Modern computer systems employ hierarchical memory designs that order storage devices in terms of access time and storage capacity. Cache memory systems are at the top of the hierarchy with the fastest access times and smallest storage capacities, such as shown in H. S. Stone, High-Performance Computer Architecture, Addison-Wesley (2d ed. 1990), pp. 29-87, the disclosure of which is hereby incorporated by reference. These are used to store the most frequently used sections of computer programs and data. Below these in the hierarchy, in order of decreasing access time and increasing storage capacity, are main memory and secondary storage. Memory caches are used to store two kinds of memory items staged from main memory: program instructions and data, the former of which is treated as read-only.
Cache memory systems are divided into two types: primary or level-1 caches, which are located on-chip as an integral part of the central processing unit (CPU), and secondary or level-2 caches, which are external to the CPU. Although providing faster access times, primary caches are of fixed storage capacity since size, power consumption and other engineering concerns with respect to the CPU can limit the primary cache design.

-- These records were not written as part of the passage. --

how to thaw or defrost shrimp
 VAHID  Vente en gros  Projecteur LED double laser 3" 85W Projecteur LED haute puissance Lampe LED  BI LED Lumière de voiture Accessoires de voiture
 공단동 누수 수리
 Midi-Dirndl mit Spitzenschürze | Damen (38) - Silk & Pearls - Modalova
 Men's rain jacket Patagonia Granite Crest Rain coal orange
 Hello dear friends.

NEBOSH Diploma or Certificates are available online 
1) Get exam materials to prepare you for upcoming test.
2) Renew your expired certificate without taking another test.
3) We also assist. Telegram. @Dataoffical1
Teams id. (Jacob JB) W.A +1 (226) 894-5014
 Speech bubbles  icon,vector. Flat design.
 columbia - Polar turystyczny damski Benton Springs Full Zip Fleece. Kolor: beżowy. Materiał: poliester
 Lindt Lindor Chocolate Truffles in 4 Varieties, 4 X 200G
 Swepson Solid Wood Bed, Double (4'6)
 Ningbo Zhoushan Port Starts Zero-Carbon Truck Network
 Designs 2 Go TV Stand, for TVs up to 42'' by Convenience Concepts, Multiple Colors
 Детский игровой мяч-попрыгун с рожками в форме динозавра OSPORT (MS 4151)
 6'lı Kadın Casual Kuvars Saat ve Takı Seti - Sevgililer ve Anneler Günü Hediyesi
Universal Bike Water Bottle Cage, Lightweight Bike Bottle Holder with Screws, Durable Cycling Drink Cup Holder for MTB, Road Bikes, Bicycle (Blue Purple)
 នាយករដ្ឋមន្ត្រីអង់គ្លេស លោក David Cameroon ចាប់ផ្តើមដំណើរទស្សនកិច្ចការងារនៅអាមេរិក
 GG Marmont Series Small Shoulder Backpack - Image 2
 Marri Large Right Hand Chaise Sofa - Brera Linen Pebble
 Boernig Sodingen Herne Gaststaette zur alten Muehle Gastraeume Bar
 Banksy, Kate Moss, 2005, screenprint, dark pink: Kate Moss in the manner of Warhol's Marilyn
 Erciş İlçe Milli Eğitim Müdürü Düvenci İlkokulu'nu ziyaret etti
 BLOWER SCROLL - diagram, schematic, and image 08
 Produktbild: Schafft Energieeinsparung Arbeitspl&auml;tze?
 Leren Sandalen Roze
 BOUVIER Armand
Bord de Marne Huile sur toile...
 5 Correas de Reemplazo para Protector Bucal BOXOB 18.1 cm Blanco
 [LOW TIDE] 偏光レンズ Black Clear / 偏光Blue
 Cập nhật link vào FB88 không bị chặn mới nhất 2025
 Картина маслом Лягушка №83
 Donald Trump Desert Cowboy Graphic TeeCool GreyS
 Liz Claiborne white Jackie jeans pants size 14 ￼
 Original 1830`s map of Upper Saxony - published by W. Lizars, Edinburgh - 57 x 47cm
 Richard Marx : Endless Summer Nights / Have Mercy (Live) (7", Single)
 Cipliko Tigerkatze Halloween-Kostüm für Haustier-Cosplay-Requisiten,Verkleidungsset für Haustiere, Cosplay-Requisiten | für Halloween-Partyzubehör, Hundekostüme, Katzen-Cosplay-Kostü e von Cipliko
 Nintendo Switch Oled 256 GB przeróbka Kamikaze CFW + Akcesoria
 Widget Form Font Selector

By contrast, since secondary caches are separate physical components from the CPU and are therefore not subject to such concerns, they can be increased in capacity by adding additional memory chips. Typically, static random access memory (SRAM) chips are used since they provide faster access times than conventional dynamic random access memory (DRAM) chips.
The capacities of secondary memory caches are generally significantly smaller than that of main memory and cache tags must be used to identify the main memory locations to which each cache entry corresponds. Consequently, two separate entities of memory chips are used whereby an entity can be one or more discrete memory chips with one entity storing the staged memory items and the other entity storing the cache tags. Examples of secondary memory caches employing separate entities of memory chips to store staged memory items and cache tags are disclosed in U.S. Pat. No. 5,210,845 to Crawford et al.; U.S. Pat. No. 5,339,399 to Lee et al.; U.S. Pat. No. 5,239,603 and U.S. Pat. No. 5,228,134, both to MacWilliams et al.
Problems resulting from the use of separate memory array structures for storing staged memory items and cache tags are increased architectural complexity, increased manufacturing costs and decreased operational speed by virtue of additional components.